When I started taking tours seriously, and by that I mean one or two week tours rather than those lasting just a day or two, it was the best way I could think of to see a lot of countries in a short time. My first trip in 2014 involved three two-week tours covering 13 countries in Eastern Europe (I also went to Dubai, Hungary and Slovakia on my own, so 16 all up). These involved longish stays in Russia, Croatia and Turkey, with just a day or two in Poland, Lithuania, Latvia, Austria, Slovenia, Bosnia-Herzegovina, Montenegro, Macedonia, Albania and Bulgaria. (I have since been back to Poland for a week, as part of a holiday with my husband.) In 2015 I did tours of Scandinavia (covering four countries in three weeks), Spain and Switzerland, and this year I have done a four week tour of South-East Asia (including Thailand, Laos, Cambodia and Vietnam) and a one-week tour of the ‘Canyonlands’ in the USA. Some of these tours over the last two years have been on my own, and others have been with my husband. Travelling alone I have a different experience to when I travel with David, there are benefits to both.
So am I tour junkie now? Possibly, although I do still like doing some things on my own, I do enjoy having the company of other, like-minded travellers from around the world. I also enjoy the fast pace of touring (there is rarely a dull moment, even during long coach trips). I like the fact that the Tour Directors know a lot of things about the places we are passing through and visiting; I enjoy the out of the way places they take you to, that you would not know about otherwise. I am happy to go off on my own sometimes, and to join up with others later to share stories of what we have seen, things we have bought, and so on.
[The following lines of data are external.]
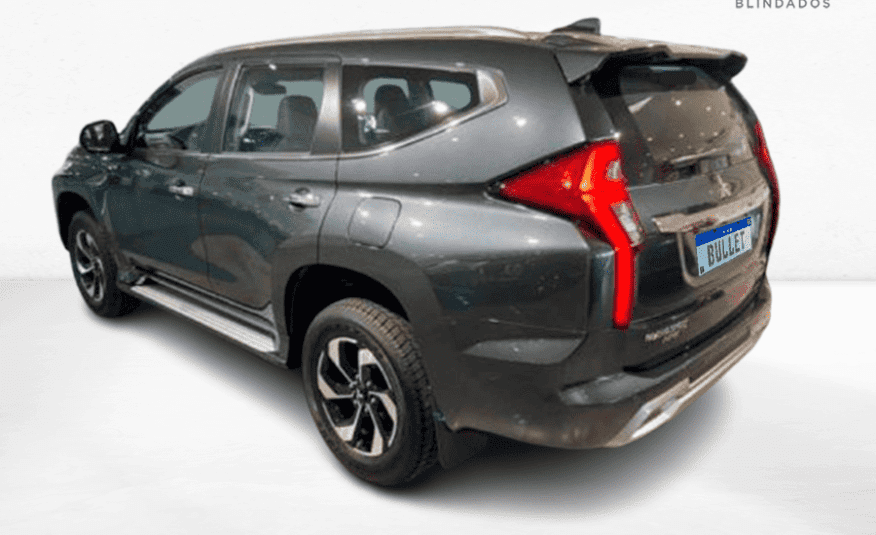 Mitsubishi Pajero Sport 2.4 16v MIVEC Turbo HPE AWD Automático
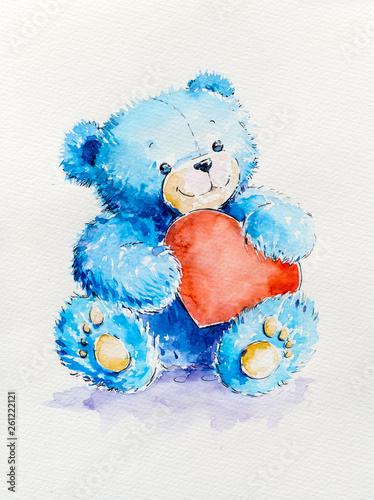 Happy Valentine's day, Cute...
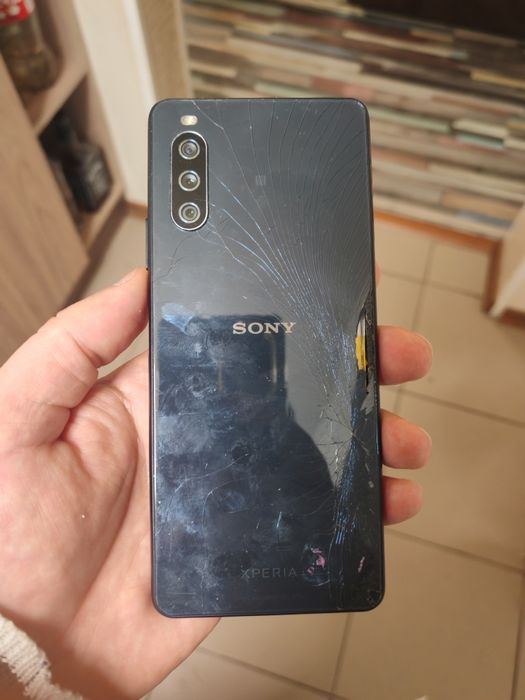 Sony Xperia 10 lll 128/6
One of the best things I like about taking organised tours is that I have got to visit countries, and places within countries, that I would be reluctant to go to on my own (although the more I travel, I find the less this is a problem for me.) One thing is for sure, there are a lot of tours still on my list, so this form of travel will form a large part of my itinerary for years to come.
So that is touring, Julia style, in snapshot – but there are lots of different kinds of tours; which will be the focus of another blog post.